PULocationID_index: A spatial feature encoding pickup zones; although its raw correlation with tips is near zero, location can still influence tipping—recommended to use its one-hot version (PULocationID_vec) for better modeling performance
2.2Here are answer for A3Q2C:
When you specify a series of transformations in a Spark pipeline (such as .filter(), .select(), .withColumn()), Spark does not immediately process the DataFrame. Instead, it builds a logical execution plan—essentially a blueprint of the operations to be performed—using a technique called lazy evaluation. The actual computation only occurs when an action is triggered (e.g., .show(), .collect(), .write()), at which point Spark optimizes the plan and executes it in a distributed manner across the cluster. This approach helps Spark minimize data shuffling and optimize query execution before any resources are consumed. In contrast, Dask also uses lazy evaluation for many of its APIs (especially in dask.dataframe and dask.delayed), building a task graph to represent operations. Like Spark, Dask does not execute computations until an explicit action such as .compute() is called. However, Dask's execution model is more lightweight and flexible, often using threads or processes rather than a JVM-based cluster, and it is generally better suited for Python-native workflows and moderate-scale problems.
2.3Here are report of Q:
The optimal model achieved a Test RMSE (Root Mean Squared Error) of 2.11, which suggests that, on average, the model's predicted tip amount deviates from the actual tip by about $2.11. While this level of error may be acceptable for general trends, it also indicates potential limitations in capturing the full complexity of tipping behavior—possibly due to unobserved factors like driver quality or rider mood.

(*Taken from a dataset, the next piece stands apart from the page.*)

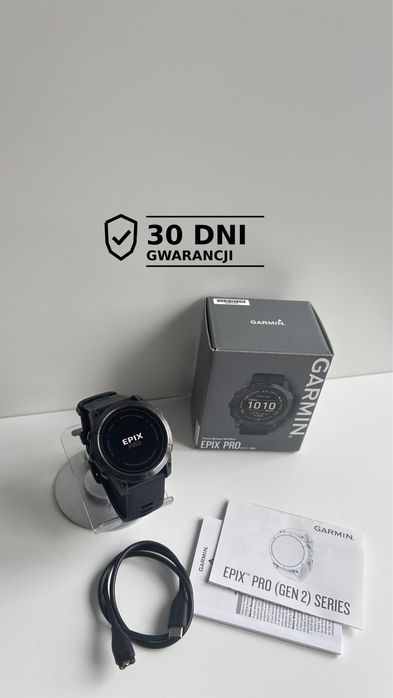 Garmin Epix Pro Gen 2 | Gwarancja | komplet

The best model was obtained with regParam = 0.0 and elasticNetParam = 0.0, meaning it is essentially an unregularized linear regression model. This implies that adding regularization did not improve model generalization, likely because the feature set was not overfitting the training data.
Feature Importance (as measured by absolute coefficient magnitudes): payment_type_vec: 2.73 → This is the most influential predictor, suggesting that the type of payment (e.g., credit card vs. cash) plays a major role in determining the tip amount. This makes sense because tips are more often given in card transactions.
PULocationID_index: 0.019 → Indicates that the pickup location modestly influences tipping, potentially reflecting differences in passenger demographics or trip purposes across neighborhoods.
pickup_hour_bin: 0.018 → Time of day has a small but relevant effect, perhaps linked to nightlife or commuting habits.
passenger_count: 0.008 → Number of passengers has a minimal positive effect, possibly because larger groups tip slightly more.
weekend: -0.107 → Surprisingly, tipping tends to decrease slightly on weekends, contrary to expectations of leisure-related generosity.
trip_distance: ~0.00000004 → Despite intuitive expectations, trip distance has virtually no influence, likely due to scale differences or redundancy with other variables.